By Asbarez | Tuesday, 10 May 2022

Azerbaijan’s Foreign Minister Jeyhun Bayramov on Tuesday said that in the proposals submitted by Yerevan on the so-called peace talks, Armenia has made it clear that it has no territorial claims from Azerbaijan.

Bayramov also revealed that Yerevan has suggested that they adhere to the agreements signed by the leaders of Armenia, Azerbaijan and Russia after the 2020 war in Artsakh.

Last week, Armenia’s National Security Chief Armen Grigoryan said that Yerevan had submitted its own six-point proposals on the so-called peace talks, which were agreed to during a meeting between Prime Minister Nikol Pashinyan and President Ilham Aliyev of Azerbaijan in Brussels last month.

While Grigoryan did not disclose the specifics of Yerevan’s proposals, he did say that the document included provisions regarding the security of Artsakh residents and a settlement to the Karabakh conflict.

Armenia’s newly-appointed ambassador-at-large, Edmon Marukyan, who is the leader of the one-time opposition Bright Armenia party, told Armenpress on Tuesday that Yerevan’s proposals included security guarantees for the people of Artsakh, as well as final status for Karabakh.

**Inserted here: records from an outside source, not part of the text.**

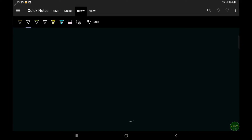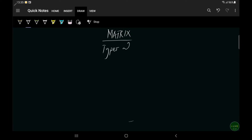Hello guys, you are welcome back to this section. In this video, we continue to look at section 2 of our agenda we started yesterday on matrix. So today we are looking at matrix, the types, and then the multiplication of a matrix. That's what we are looking at in today's video.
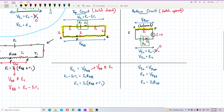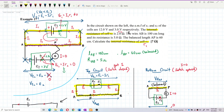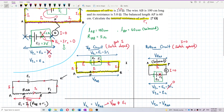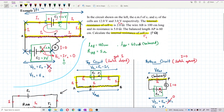Now we have got all the equations needed. Let us solve these questions once and for all. We want to get the internal resistance r1. We already have length AB, length AP, and resistant AB — the whole resistance wire is 5 ohm. Now we can get resistant AP from here.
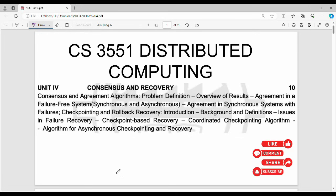Hi friends, welcome back. This is Unit 4, DC1 Introduction. Unit 4 overall has two parts. Part one is consensus and agreement algorithms covering different algorithms for mutual agreement with new processes and systems. In this video, we will see the second part: checkpointing and rollback — what is a checkpoint and what is rollback.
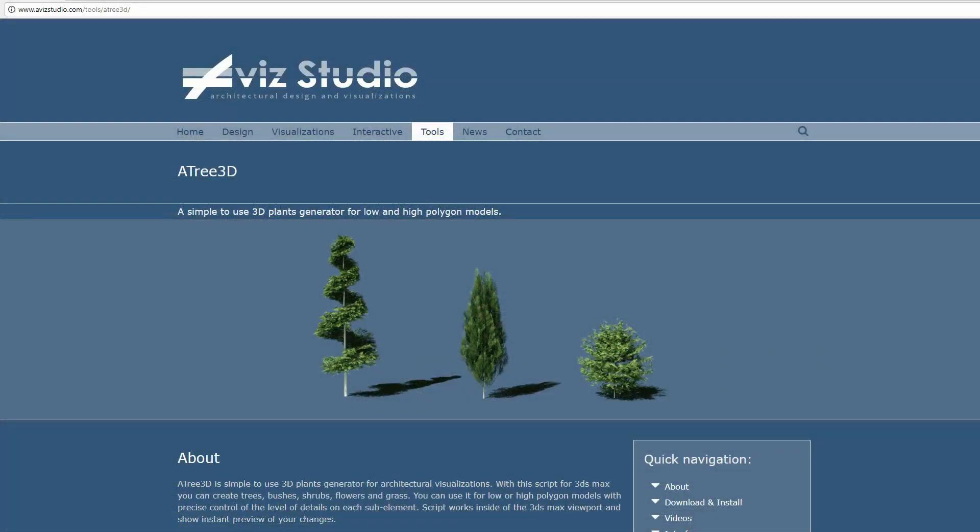Hi, this is a quick overview video of Atree 3D, version 3.0.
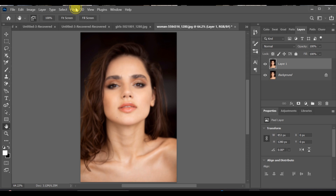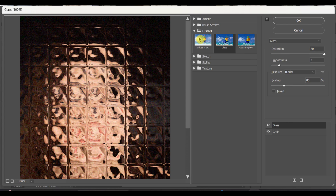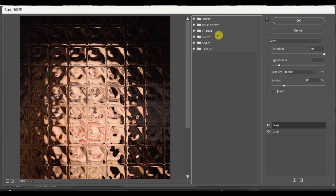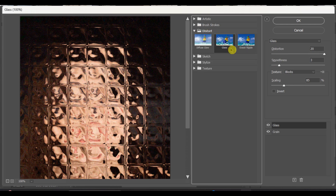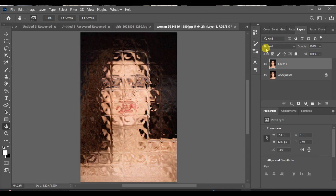Next, go to Filter > Filter Gallery > Distort > Glass. Set Distortion to 15, Smoothness to 3, and Texture to Blocks with Scaling around 85, then press OK.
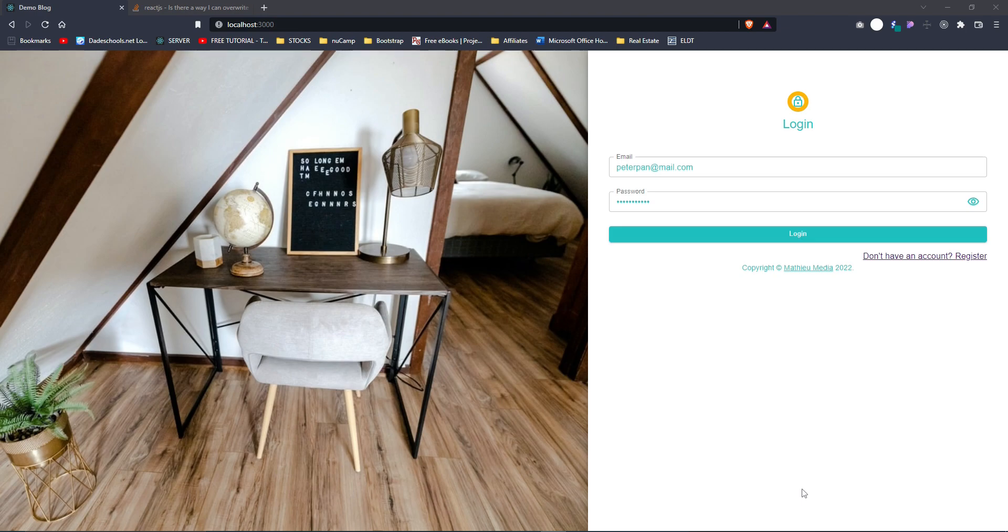Hello and welcome to Matthew Media. I've got a wonderful project for you guys. Our project is going to be a MERN stack blog that we are going to create. We are building it from scratch.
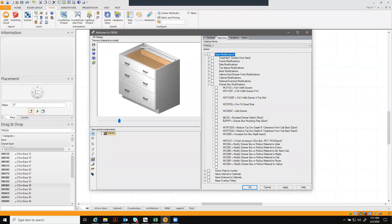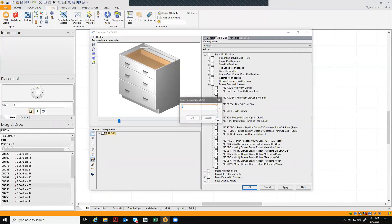As you scroll down, you'll see the scoop drawer modification. Click on that, you want a quantity of one.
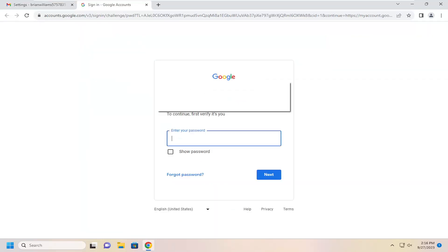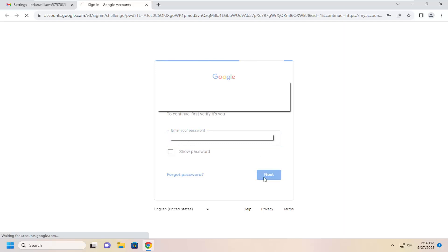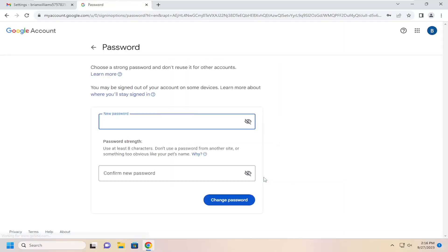At this point, you will need to enter your sign-in credentials. Then you will enter your new password and confirm it. You will need to meet certain complexity requirements, and then you would select Change Password.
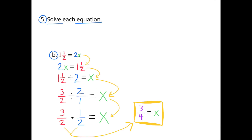B: 1 and 1 half equals 2x, which is the same as 2 times x equals 1 and 1 half. That can be rewritten as 3 over 2 divided by 2 over 1 equals x. Multiplying by the reciprocal: 3 halves times 1 half equals x, and 3 halves times 1 half equals 3 fourths. So x equals 3 fourths.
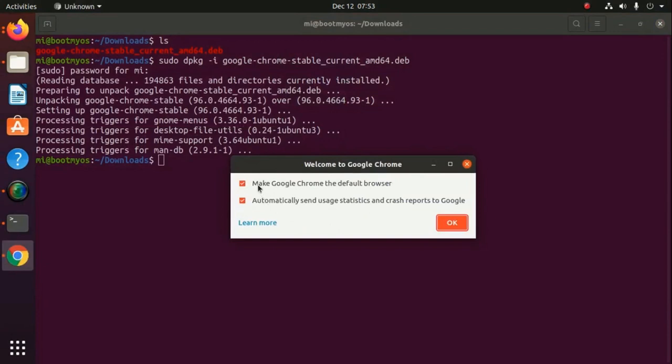You can make Google Chrome the default browser, and if you want to send usage statistics or crash reports to Google.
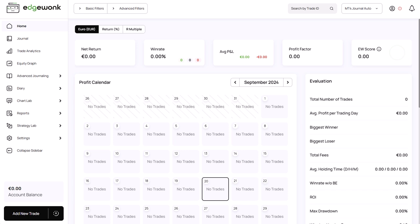In this video, we show you how to set up your MetaTrader 4 and 5 automated sync function for your Edgewonk trading journal. The MetaTrader 4 and 5 sync will work with any MetaTrader 4 platform, whether you trade real money, demo, or you're using any of the funded companies. As long as you're using MetaTrader 4 and 5, this will work.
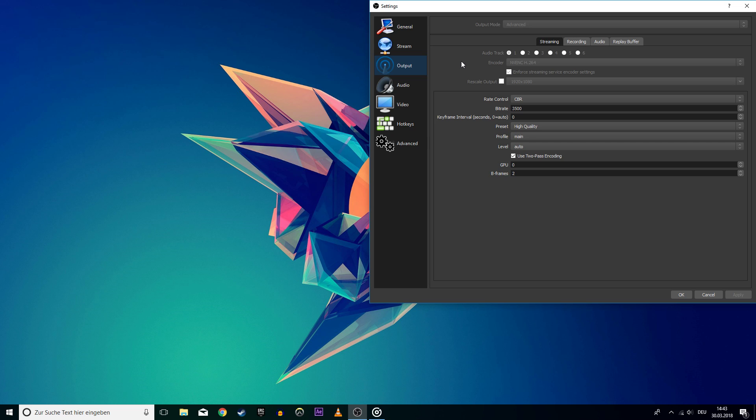I usually don't rescale my output, but if you want to fix stuttering then rescale it from 1080p to 720p. This already will reduce lag and buffering as you need a smaller bandwidth.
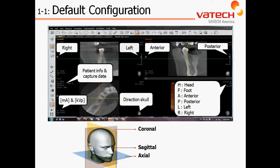What's important to understand as it relates to 3D viewing software are the three basic planes, including coronal, which is going from right to left as well as up and down; sagittal, which is also up and down but going anterior-posterior; as well as axial, which is going from right to left and from anterior-posterior.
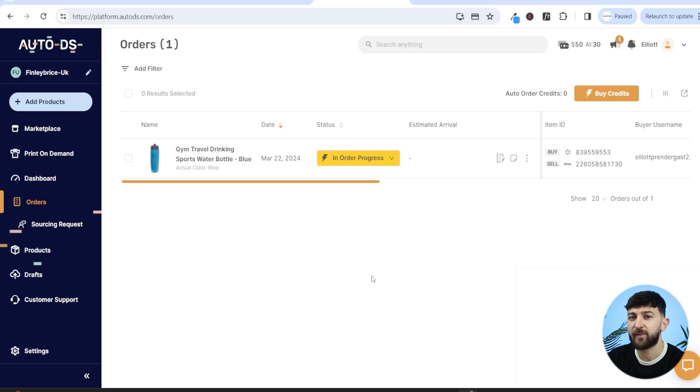That is how you can start dropshipping on eBay using the AutoDS platform. Check out the link in the description to get your 30-day free trial. If you enjoyed the video, give it a thumbs up and subscribe to the channel for more dropshipping and ecommerce content.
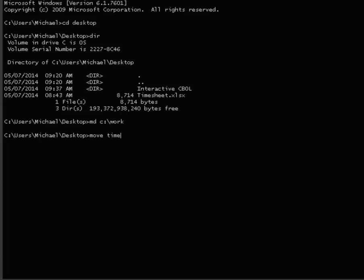Move timesheet dot xlsx space c colon backslash work. This command moves the target file from its current location to the new c colon backslash work directory.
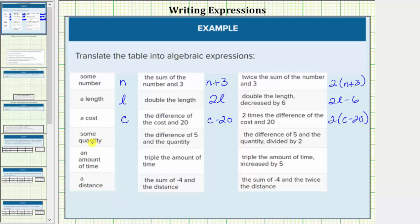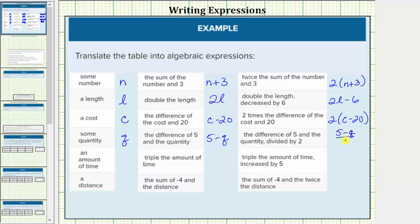Next we have some quantity. Let's use the variable q for that quantity. The difference of five and the quantity — again, difference means subtraction — so the difference of five and the quantity would be five minus q. And next we have the difference of five and the quantity divided by two, so we have five minus q all over two. Remember, a fraction bar means division.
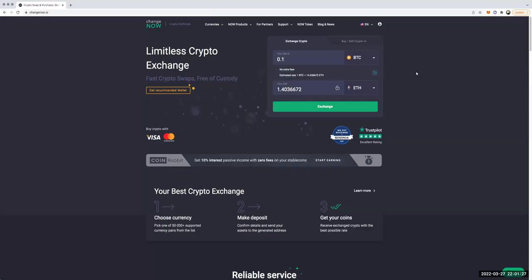Hey, what's going on everybody, William Davis here. I wanted to show you guys how to cash out your USDT TRC20 — or basically swap any cryptocurrency for pretty much whatever other cryptocurrency you may choose — and then sell that cryptocurrency for cash if you choose to do that.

He insisted that Baku had agreed to include these issues on the agenda of the talks on the peace treaty.

Bayramov, on Tuesday, scoffed at Yerevan’s proposal telling reporters that “they can’t be called proposals.”

“If we look at that [Armenian] document we will see that they can’t be called proposals,” Bayramov told said. “I can list some of the six points of their reaction so that you can conclude to what extent they can be considered proposals.”

Bayramov added that during the Pashinyan-Aliyev meeting in Brussels last month a decision was made to form a commission to advance the border demarcation and delimitation issue, with the understanding that the group would meet by the end of April.

Saying that Baku is ready to such talks, Bayramov added that during his conversations with his Armenian counterpart, Ararat Mirzoyan, Yerevan agreed to Baku’s proposal that such a commission be led by someone in the “deputy prime minister level.”